W sumie gdybym mógł to bym ten tytuł zmienił na coś innego (nie koniecznie mrocznego:P) ale możliwości takiej nie mam. Filozofem nie jestem :)... nie wziąłem pod uwagę, że w jak się o czymś pisze to rozpatruję się to w kategoriach idealnych i chociaż nie wszyscy filozofowie są oświeceni to ten w tekście, jeśli go nie opisuję dokładnie jest brany jako wzór. W sumie to jak w Teorii obwodów nie ma kondensatora idealnego, a na papierze istnieją. Żałuję mogłem to porozkminiać, jak na razie musi być tak jak jest. :P

Opublikowano

nie no wiesz, nie jest źle, ogólnie mi się podoba bo nie piszesz takiego "wypruwania flaków" - czyli nie piszesz że boli cię serduszko albo przyrodzenie bo rzuciła cię dziewczyna a ty ją tak dlajesz kochasz etc etc

ten tekst mi o romantyzm zakrawa, wiesz klimat mroczny, niewytłumaczalny, ale ja po prostu bym ten tekst podrasowała żeby był mroczny wszech miar, i zastanów się co jeszcze TERAZ jest mroczne i czy serio jest to tylko ciemność (w dobie żarówki i multimediów - cisza).

Cisza jest teraz najmroczniejsza, każdy boi się zostać sam, ludzie śpiąc włączają radio bo boją się choć na chwilę zostać sami z własnym sobą - i to jest mroczne ;)


pozdrawiam i czekam na nowe teksty

Opublikowano

Ehhhh, to jest słabe. Takie tendencyjne.... Mroku w tym żadnego nie ma ( a raczej jest, tylko słowny).

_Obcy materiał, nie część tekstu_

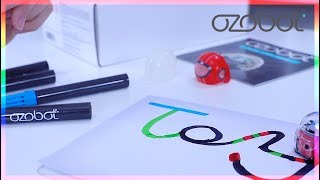 ozobot bit starter kit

Tak jak Kla Ro radzi, zrezygnować z rymów. To za krótki tekst, aby rymy nadały mu jakiś sens. Po co kombinować z sylabizacją, białe wiersze nie wymagają takowej.

Poza tym rymy spłycają wszystko. Widać, że na silę są ciągnięte do samego końca.

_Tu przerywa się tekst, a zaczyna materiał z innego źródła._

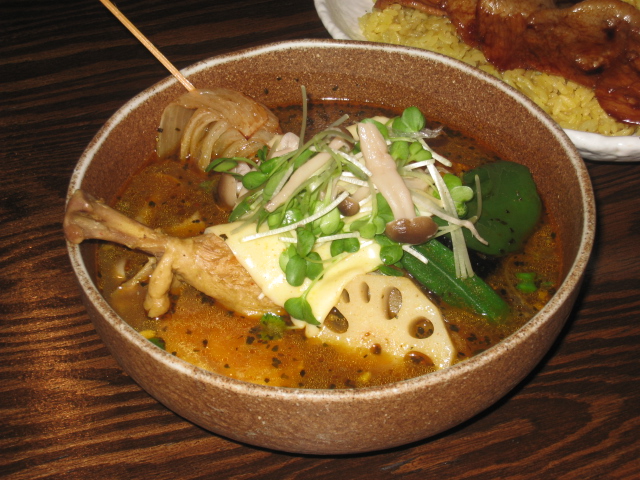 ���F�C�h�~�j�J�C�X�[�v�J���[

Jeśli chcesz trochę mroku w poezji to Edgara Poe jak najbardziej powinieneś przeczytać lub wiersze barokowe. Choćby "Do trupa".

Pozdrawiam

Opublikowano

Cieszę się, że jest takie forum :] gdzie taki człowiek jak ja może swoje wypociny wpakować i pomyśleć nad tym co robi. Dziękuję za rady i dodam tylko (sprzeciwię się), że JAK DLA MNIE tekst "do trupa" mroczny nie był, podeprę się tym iż kiedyś w zamierzchłych czasach interpretowaliśmy nawet ten wiersz więc jako takie pojęcie o nim mam.

Pozdrawiam również

Opublikowano

Zgadzam się z przedmówcami, że wiersz głównie trąca banałem.

Na oko, to Twoje pierwsze chwile z piórem

Potem się poprawi: wybierzesz albo rymy, ktore się upłynnią i będą bardziej błogie niż niebogie, albo białą lirykę, której szczerze nie polecam.

Rymy nie są złe. Piszą nimi najwięksi współcześni. Jedyne co trudne to cierpliwość konieczna do poczucia rytmu, co uchroni przed pisaniem na siłę.

Pozdrawiam,
Wałodzia.

PS Bardziej niż rytm, drażni mnie częsty brak logiki czy elementarnej poprawności leksykalnej. To pierwsze w kolejce do wypracowania.

Jeśli chcesz dodać odpowiedź, zaloguj się lub zarejestruj nowe konto

Jedynie zarejestrowani użytkownicy mogą komentować zawartość tej strony.

Zarejestruj nowe konto

Załóż nowe konto. To bardzo proste!

Zarejestruj się

Zaloguj się

Posiadasz już konto? Zaloguj się poniżej.

Zaloguj się


  • Zarejestruj się. To bardzo proste!

    Dzięki rejestracji zyskasz możliwość komentowania i dodawania własnych utworów.

  • Ostatnio dodane

  • Ostatnie komentarze

    • @Auksztulewicz_Kacper Dobry pomysł – "luzacka" interpretacja dzieła, któremu wiele znaczeń przypisano. Ptak dostał godną rolę

      Zaloguj się, aby zobaczyć zawartość.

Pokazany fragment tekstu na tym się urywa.